Why Resiliency is the Most Important Life Skill
How is it possible that some people can withstand being knocked down time and time again by life, whilst others break after the first big hit. How can someone keep pushing themselves through a horrible situation, whilst someone else quits. There are countless examples of individuals facing things that would destroy your average person, and yet they come out of it stronger. The recent bushfires in Australia were the worst ones seen in decades and took away people’s homes, livelihoods, and even lives in some cases. The trauma was extensive and terrifying. Less than a year later, the land and the people are moving forward and with time we will see them thrive once more. How can people overcome such terrible situations and come out stronger?
The answer is resiliency.
Resilience can be simply put as the ability to effectively adapt when faced with trauma, threat, or adversity. It can be found in every facet of life, from the plant that thrives in a hostile environment to the dog that remains sweet-natured despite abuse. From the child who is caught in a messy divorce to the family working full-time and making just enough to pay the bills. Being alive means facing struggles that must be overcome, and as such all living things need to develop some measure of resilience. The more resilient, the more able you are to be happy and thrive no matter what life throws at you.

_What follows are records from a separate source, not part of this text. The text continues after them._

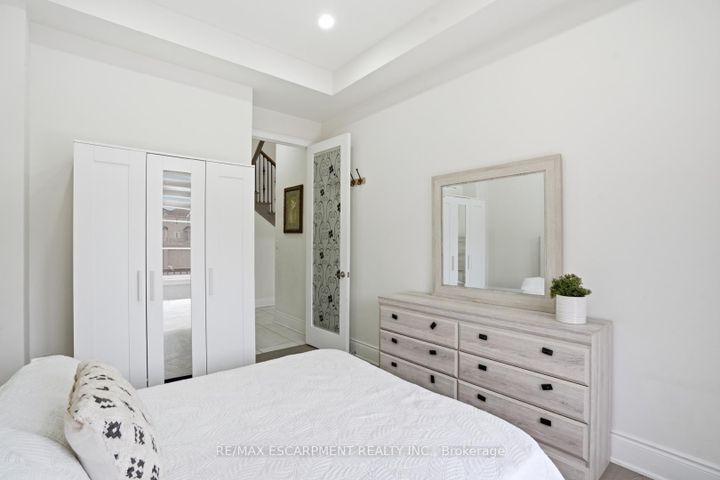 Photo 19 at 195 Granite Ridge Trail, Waterdown, Hamilton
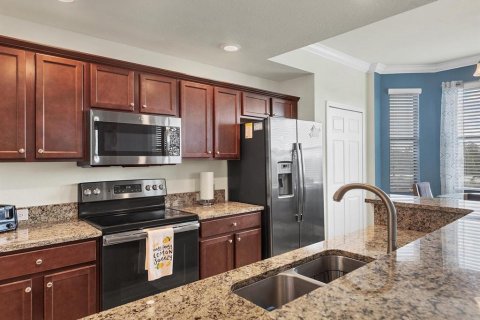 Condo in Bradenton, Florida, 2 bedrooms in LAKEWOOD NATIONAL  № 1296907 - photo 11
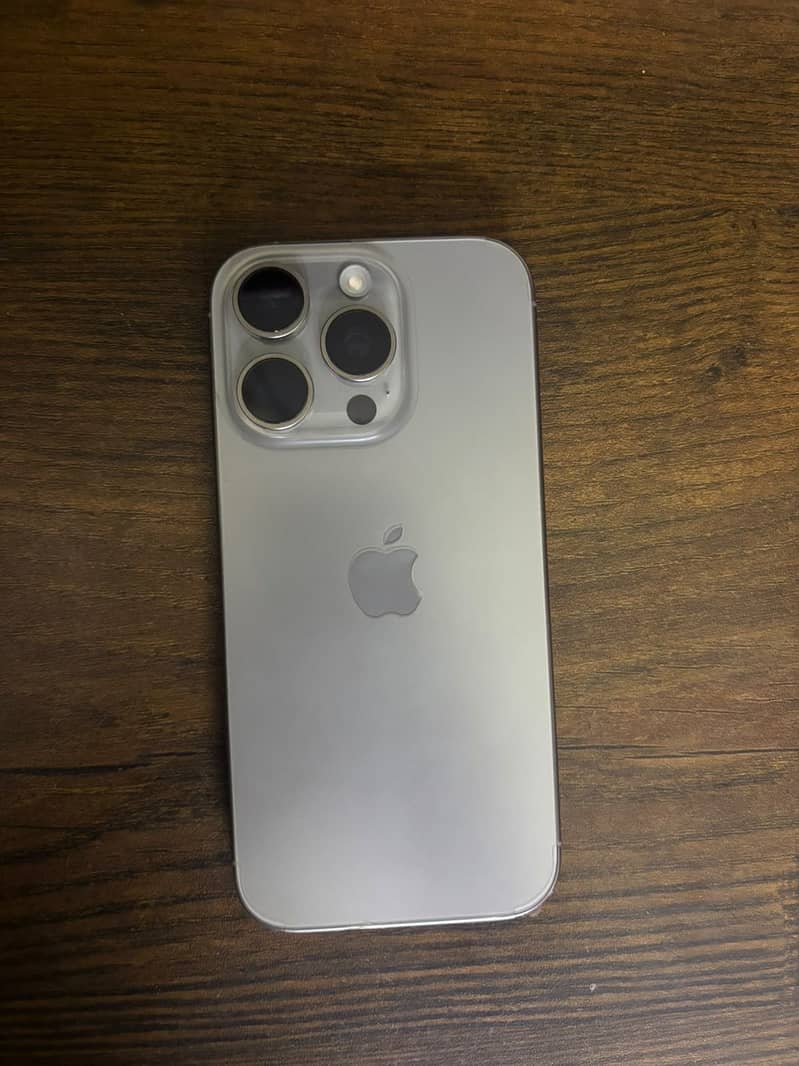 Apple iPhone 16 Pro 0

So, what does resiliency mean?
Resiliency isn’t the ability to go through strife and difficulty unaffected. It’s not the ability to remain calm in a stressful situation while others panic, even though that is a benefit of resiliency. Individuals who are resilient still feel all the same things as those who are not resilient, they just know how to better direct their emotions into something productive rather than destructive. When a person is resilient, they can transform their experiences and mentality to focus on the future rather than dwell on the past. By doing this, the individual is less likely to develop unhealthy coping strategies that may create further issues down the line. Resiliency is the ability to look past the negatives of the moment and know that there are more positives in the future. Resiliency is the ability to withstand struggles and acknowledge them without being overwhelmed by them.

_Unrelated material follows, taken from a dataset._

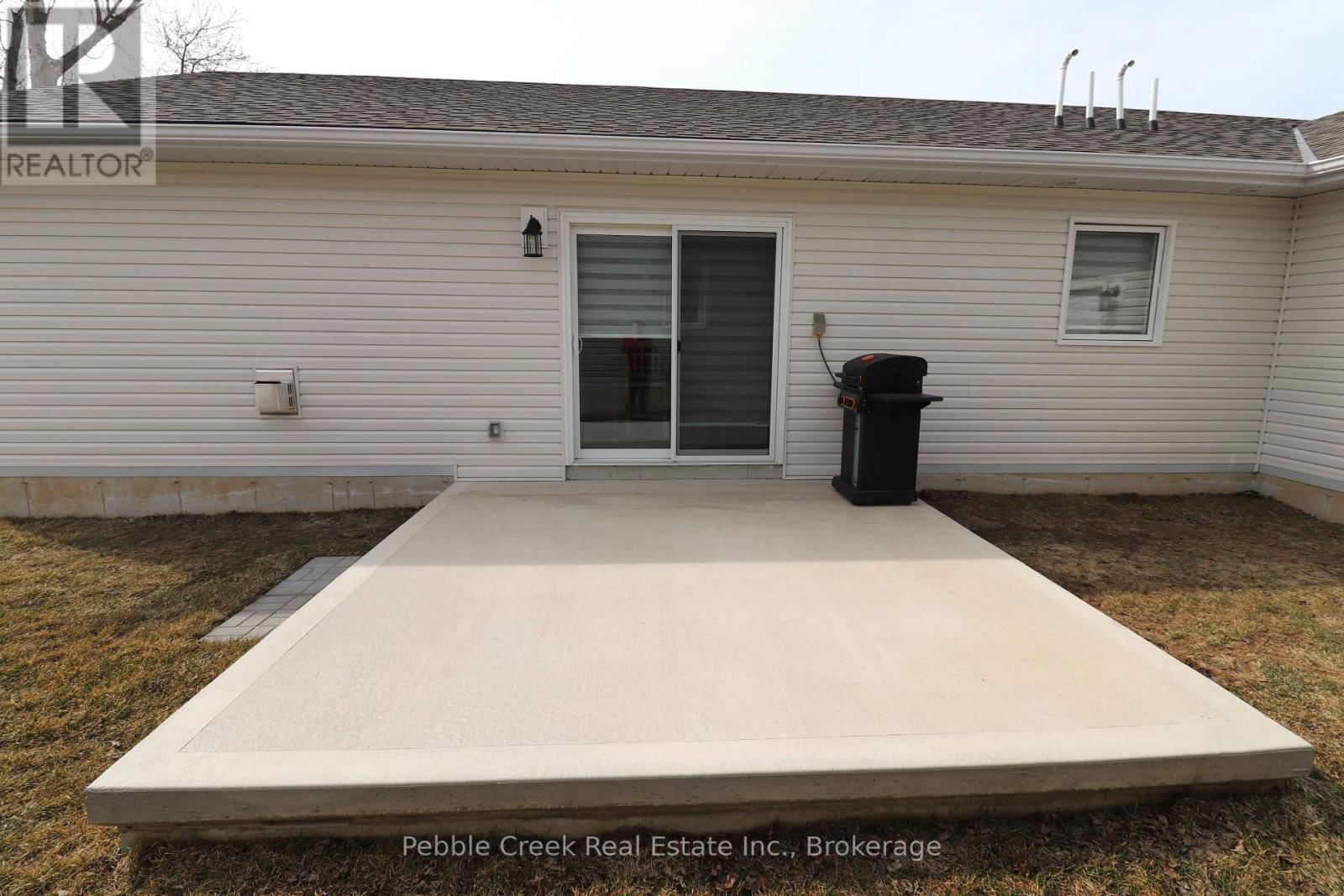 263 LAKE BREEZE DRIVE Image 30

How can I develop resiliency?
Some people are naturally more resilient than others, but that doesn’t mean you can’t develop it. One of the important aspects of resiliency is the presence of a social network. Even though resilience might seem like an individual characteristic, humans are social creatures and no truly resilient person is a solitary one. We rely on each other for strength and encouragement, for support when times are tough. When thinking back to the bushfires, think of how many people over the world banded together to lend support to those affected. Being resilient doesn’t mean you have to do everything by yourself, it’s okay to ask for and accept help. Communication is very important as we need to accurately be able to express our needs in tough times to both ourselves and others.
To be resilient, you also need to have a comprehensive understanding of yourself, your flaws, and your strengths. This understanding enables you to work on your weaknesses and rely on your strengths in the tough times. When faced with adversity, if we are unaware of our weaknesses it is easy to be blindsided and fall into bad habits. If we are aware, however, then we can emphasise our strengths and work through our shortcomings to reach the other side. It’s also important to be flexible. Life is full of turns and twists, and so it is important to be flexible and adaptable if life takes you on an unexpected journey.
Perhaps the most important aspect of resiliency is self-perception, and not just regarding strengths and weaknesses. A resilient person has positive views of themselves and their abilities and knows that they can handle and overcome difficulties. Additionally, no matter what the circumstance, resilient individuals never see themselves as victims. Doing so assumes a lack of control or ability to handle the situation. Instead, resilient individuals view themselves as fighters; this acknowledges the circumstances but gives power and control to the individual to move forward. Victims live in the past; fighters look to the future. Developing resiliency isn’t something that will happen overnight, it’s the kind of thing that you don’t notice until you look back a year later and realise how much you’ve grown.
What do I do now?
Start small by working on the things you can control, and then slowly you will grow more able to handle the things you can’t. Resiliency is a valuable life skill that is helpful in every aspect of your life, no matter who you are. Whether you’re a teenager trying to make it through school, friendship drama, and figuring out what you want to do with your life, or a working professional trying to balance your career, bills, obligations, and social life, being resilient will enable you to face these challenges head on. Both unexpected disasters and routine life struggles can be better handled if you have some level of resiliency, and you will be happier overall for it.
Horn, S. R., & Feder, A. (2018). Understanding resilience and preventing and treating PTSD. Harvard review of psychiatry, 26(3), 158-174.